### ABOUT THIS TASK
Will you extract the entries word for word? Images should not appear in the copy.

### DATASET RECORDS
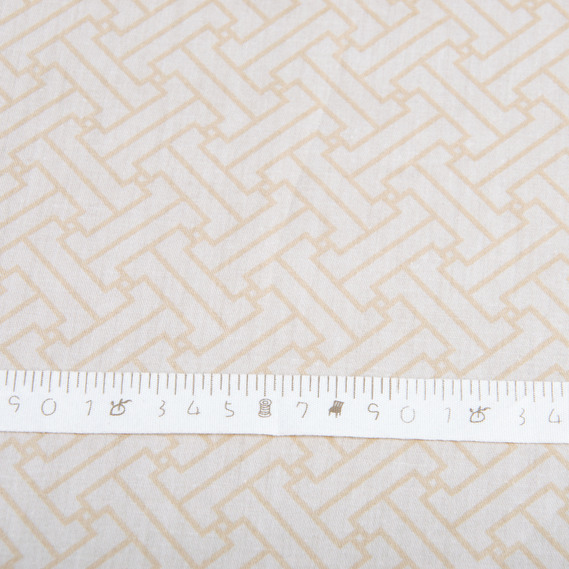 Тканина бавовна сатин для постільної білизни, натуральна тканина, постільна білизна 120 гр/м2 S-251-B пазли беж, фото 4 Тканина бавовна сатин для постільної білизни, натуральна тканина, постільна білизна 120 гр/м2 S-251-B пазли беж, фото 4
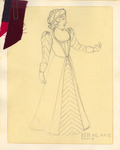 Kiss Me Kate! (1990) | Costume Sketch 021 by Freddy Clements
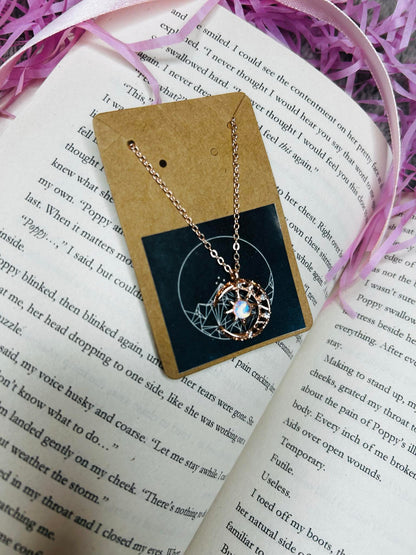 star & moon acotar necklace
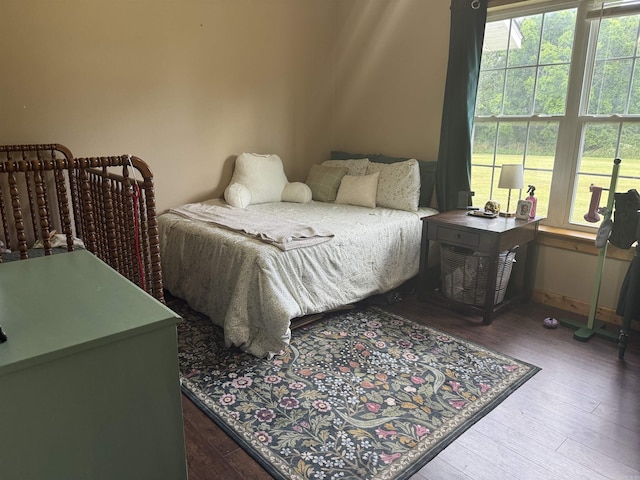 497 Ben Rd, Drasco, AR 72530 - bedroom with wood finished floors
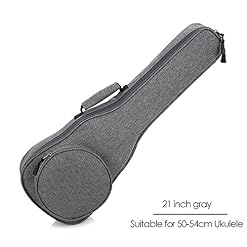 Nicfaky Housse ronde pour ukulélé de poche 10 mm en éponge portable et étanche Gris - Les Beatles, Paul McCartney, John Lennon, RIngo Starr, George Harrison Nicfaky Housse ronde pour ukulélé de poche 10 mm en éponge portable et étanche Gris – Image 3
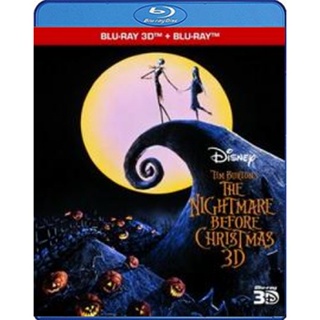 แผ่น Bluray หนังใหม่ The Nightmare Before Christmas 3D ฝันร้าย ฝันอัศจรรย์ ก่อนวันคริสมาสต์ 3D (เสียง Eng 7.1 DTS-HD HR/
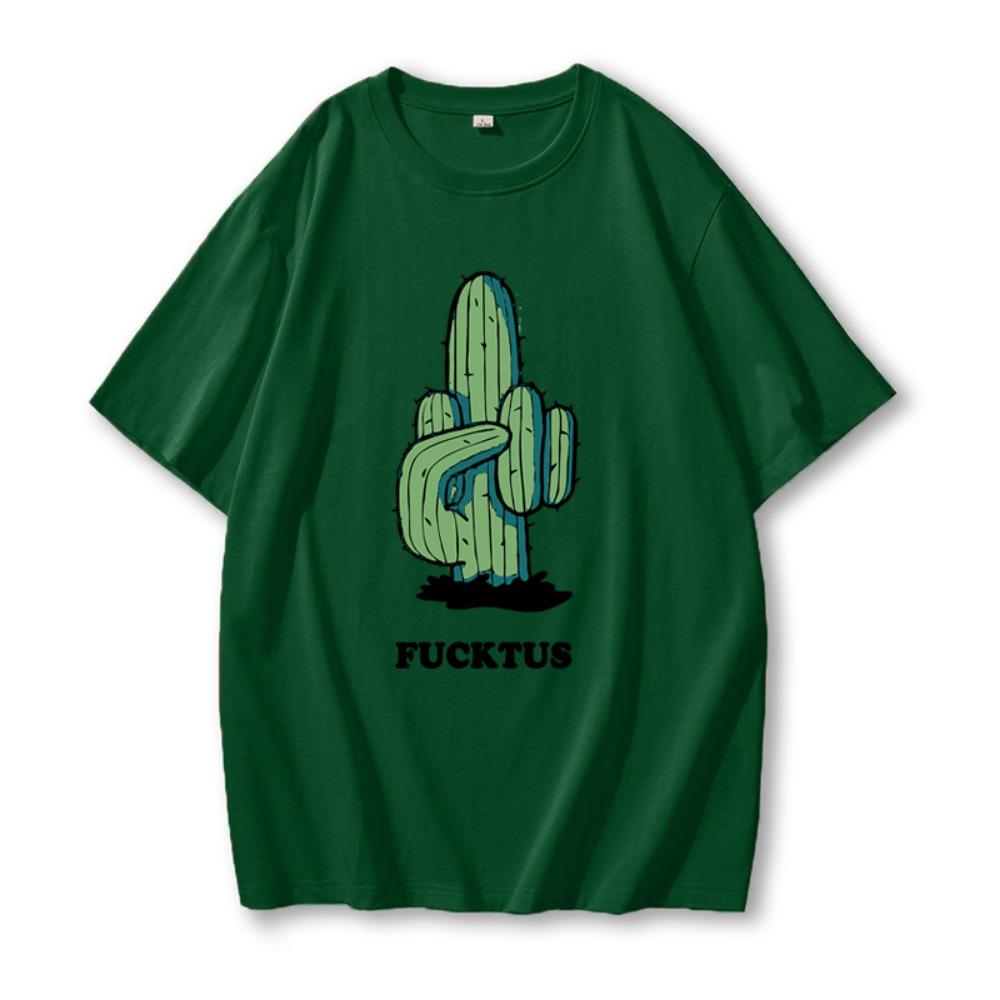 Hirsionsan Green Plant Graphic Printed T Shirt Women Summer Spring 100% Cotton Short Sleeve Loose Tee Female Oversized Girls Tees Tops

### SOLUTION TO THE PROBLEM
 Тканина бавовна сатин для постільної білизни, натуральна тканина, постільна білизна 120 гр/м2 S-251-B пазли беж, фото 4 Тканина бавовна сатин для постільної білизни, натуральна тканина, постільна білизна 120 гр/м2 S-251-B пазли беж, фото 4
 Kiss Me Kate! (1990) | Costume Sketch 021 by Freddy Clements
 star & moon acotar necklace
 497 Ben Rd, Drasco, AR 72530 - bedroom with wood finished floors
 Nicfaky Housse ronde pour ukulélé de poche 10 mm en éponge portable et étanche Gris - Les Beatles, Paul McCartney, John Lennon, RIngo Starr, George Harrison Nicfaky Housse ronde pour ukulélé de poche 10 mm en éponge portable et étanche Gris – Image 3
 แผ่น Bluray หนังใหม่ The Nightmare Before Christmas 3D ฝันร้าย ฝันอัศจรรย์ ก่อนวันคริสมาสต์ 3D (เสียง Eng 7.1 DTS-HD HR/
 Hirsionsan Green Plant Graphic Printed T Shirt Women Summer Spring 100% Cotton Short Sleeve Loose Tee Female Oversized Girls Tees Tops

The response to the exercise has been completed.